Hal ini dapat menyebabkan nyeri dan pendarahan selama hubungan seksual dan periode menstruasi. Erosi serviks dapat terjadi pada wanita dari segala usia. Namun lebih umum terjadi pada wanita yang sedang hamil atau baru melahirkan.
Penyebab Erosi Serviks
Penyebab umum erosi serviks termasuk infeksi virus papiloma manusia (HPV), infeksi bakteri, atau trauma pada area serviks. Namun dalam beberapa kasus, erosi serviks mungkin tidak menimbulkan gejala sama sekali.
Berikut penjelasan lebih lengkapnya:
- Perubahan hormonal: Perubahan hormonal pada tubuh, seperti selama masa pubertas, kehamilan, dan menopause, dapat menyebabkan perubahan pada jaringan leher rahim dan mempengaruhi pertumbuhan sel-sel di area tersebut.
- Penggunaan kontrasepsi hormonal: Penggunaan kontrasepsi hormonal, seperti pil KB, patch, atau cincin vagina, dapat mempengaruhi tingkat hormon dan mempercepat pertumbuhan jaringan serviks.

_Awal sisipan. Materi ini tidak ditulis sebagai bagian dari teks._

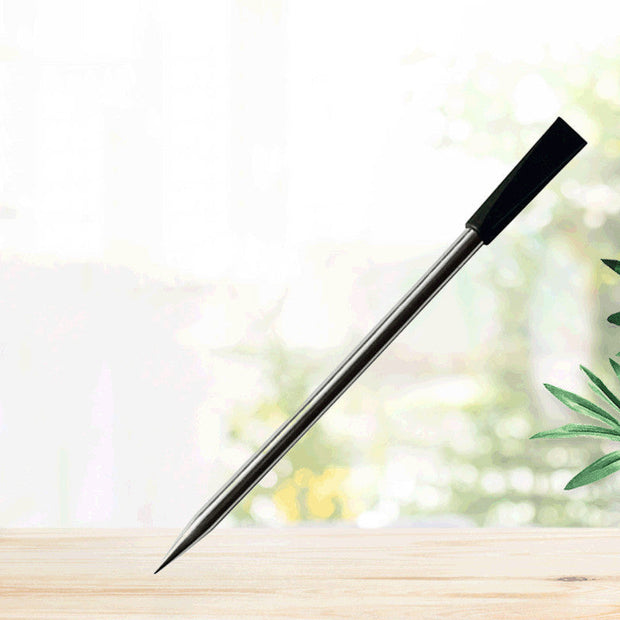 Mini BBQ Bluetooth thermometer probe with black handle on wooden surface and blurred background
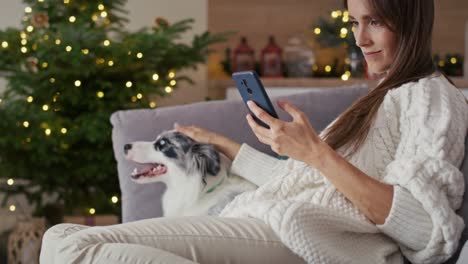 mujer relajándose con el perro en el sofá con teléfono móvil durante la navidad.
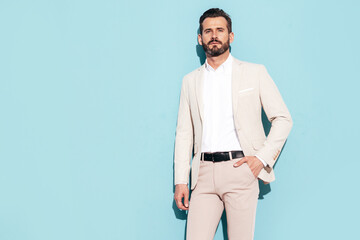 Portrait of handsome confident stylish hipster lambersexual model. Sexy modern man dressed in white elegant suit. Fashion male posing in studio near blue wall in sunglasses
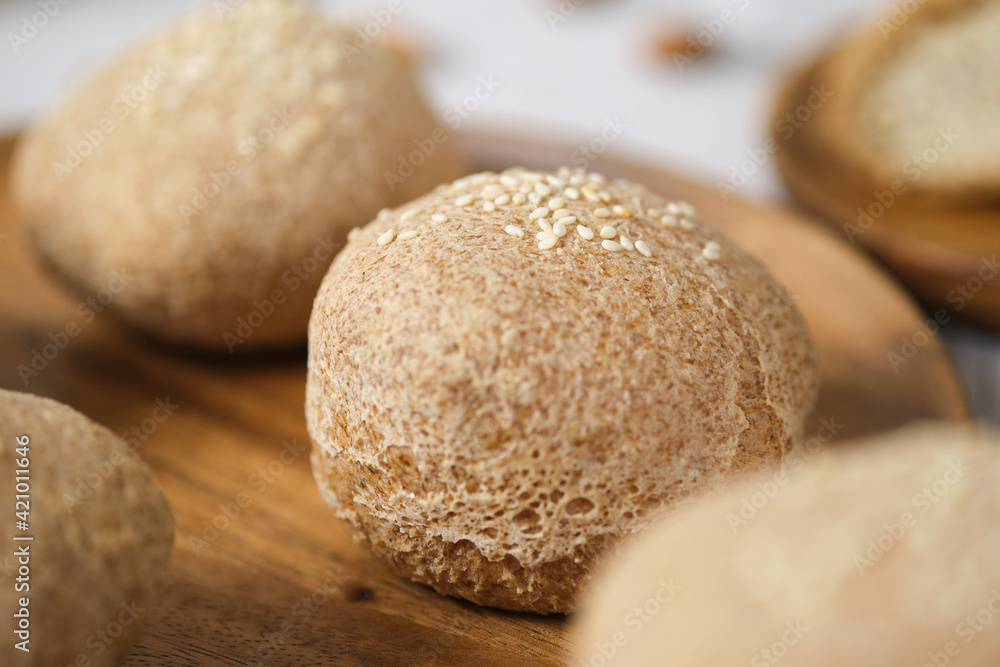 Gluten free Keto bread. Homemade ketogenic buns with sesame seeds. set on white cafe table. Gluten free Keto bread. Homemade ketogenic buns with sesame seeds. set on white cafe table.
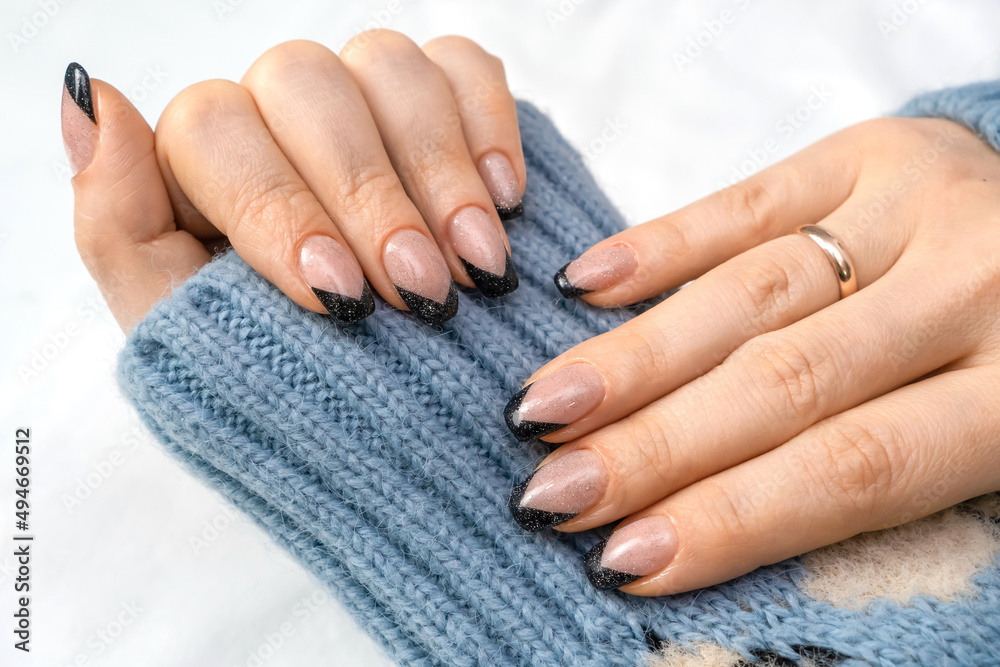 Beautiful French manicure with black contour and sequins. Well-groomed female hands with painted nails with gel polish on a cozy background of blue clothes. Fashionable color of gel nail polish.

- Infeksi menular seksual (IMS): Infeksi menular seksual seperti Human Papilloma Virus (HPV), Herpes genital, dan Clamydia trachomatis, dapat menyebabkan peradangan pada leher rahim dan memicu erosi serviks.
- Trauma atau cedera pada leher rahim: Cedera atau trauma pada leher rahim, misalnya selama persalinan atau setelah penggunaan alat kontrasepsi seperti IUD, dapat menyebabkan erosi serviks.
- Penggunaan tampon: Penggunaan tampon atau produk kesehatan wanita lainnya dapat mempengaruhi kondisi serviks dan memicu erosi serviks pada beberapa kasus.
- Faktor lain: Beberapa faktor lain yang dapat memicu erosi serviks meliputi usia, faktor genetik, dan faktor lingkungan.
Perawatan Dan Pengobatan
Perawatan erosi serviks tergantung pada penyebabnya. Jika infeksi atau kondisi tertentu menyebabkan erosi serviks, pengobatan terhadap kondisi yang mendasar harus dilakukan.
Dalam beberapa kasus, dokter mungkin merekomendasikan prosedur seperti krioterapi (penggunaan nitrogen cair untuk membekukan jaringan abnormal).
Atau elektrokauterisasi (penggunaan arus listrik untuk membakar jaringan abnormal) untuk menghilangkan jaringan serviks yang terkelupas.